I then applied those adjustments to 2017. In other words, when using first-half 2017 data to “predict” second-half data, I actually used first-half batted balls and home run probabilities, then added 10.5% to each batted ball’s chance of becoming a homer. In 2018, I used the aggregated data from 2016 and 2017. In 2019, I used the past three years’ data. In this way, I never used data that wasn’t yet available.

Why, you might wonder, did I skip 2015? There’s good evidence that the baseball changed mid-year in 2015. There has been, to my knowledge, no similar in-season change in aerodynamics in the years since. Thus, 2016 became my base year for first-half second-half equalization, and the sample period starts in 2017.

Let’s look at a quick example, because all of this sounds like gibberish. In 2019, Ozzie Albies put 98 balls into the air in the first half of the year. Based on their exit velocity and the frequency of home runs overall in 2019, he ran an xHR% of 12.4%. That lined up well with his actual home run rate of 13.3% on those balls. Based on the temperature adjustment, that’s equivalent to a second-half xHR% of 14.4%. In the second half, Albies cooled off. He ran an xHR% of only 12.7% (despite the hotter conditions making homers more likely league-wide) and an actual home run rate of only 9.2% on his 120 balls in the air.

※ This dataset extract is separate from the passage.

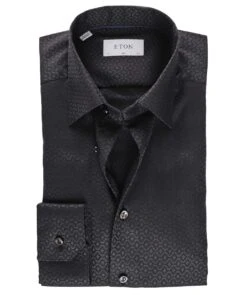 ETON Slim Fit Jacquard Shirt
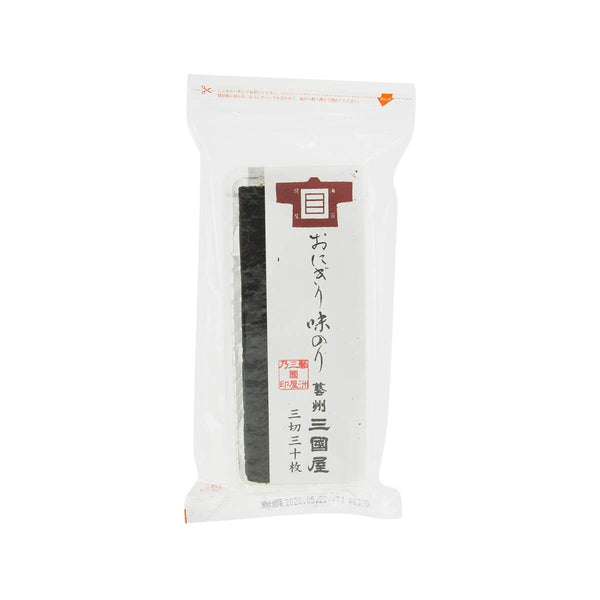 MIKUNIYA Seasoned Nori Seaweed - 1/3 Cut  (30pcs)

There were 275 player-seasons that fit my criteria: 50 balls in the air in both the first and second halves. First, I tested reliability. There’s good news on that front: after adjusting for temperature, xHR% in the first half correlates extremely well with xHR% in the second half. More specifically, I found a .642 r-squared between the two. That’s comparable to something like strikeout rate or walk rate, two of the bedrock batter skills. Want it in graph form? It looks like this:

Of course, that’s only step one. xHR% is stable — but does it say anything predictive? Does a high xHR% in the first half mean anything for home run rate in the second half? Great news — it does! There’s an r-squared of .465 between first-half xHR% and second-half HR%, which means that 46.5% of the variation in second-half home run rate can be explained by variation in first-half xHR%. That’s not as strong as the metric’s reliability, but it’s no joke in a sport with so many moving parts. For example, first-half home run rate only checks in at .421.

Does this mean that xHR% is a more useful metric, when it comes to prediction, than actual home runs? I’ll level with you — I wasn’t exactly sure what the right statistical test was here, so I settled for some descriptive terms. Any statisticians, please feel free to weigh in — this is absolutely not my strong suit. For now, I’m going to say that it is. A higher r-squared isn’t the end-all be-all, but it means a lot, and I’ll leave it at that for now.

One last question: is it missing something in terms of serial outperformance? In other words, did players who outperformed their xHR% in the first half continue that outperformance, and vice versa? The answer, as is true of so many things, is “somewhat.” First-half error (HR% – xHR%) is only slightly correlated to second-half error. The r-squared checks in at a mere .08, and it’s not a matter of some batters in the middle skewing the sample, though it does appear we’re missing *some* signal.

The top 25 player-seasons had an average first-half outperformance of 7% — in other words, their actual home run rate was seven percentage points higher than their xHR%. In the second half, those same players outperformed their xHR by three percentage points. They still outperformed expectations, but by a far lower rate.

On the other side of the coin, the 25 seasons that showed the most underperformance clocked in at minus six percentage points. In the second half, they came in at -2.5. Again, there’s a signal, but it’s small.

What’s the point of all of this? There’s still more research to do, but there appears to be value in approximating home run rates based on exit velocity distribution alone. It won’t solve the puzzle of which hitters will do what, but it provides extra clues, and it can point to players who are likely to have a little bit better — or a little bit worse — home run luck moving forward.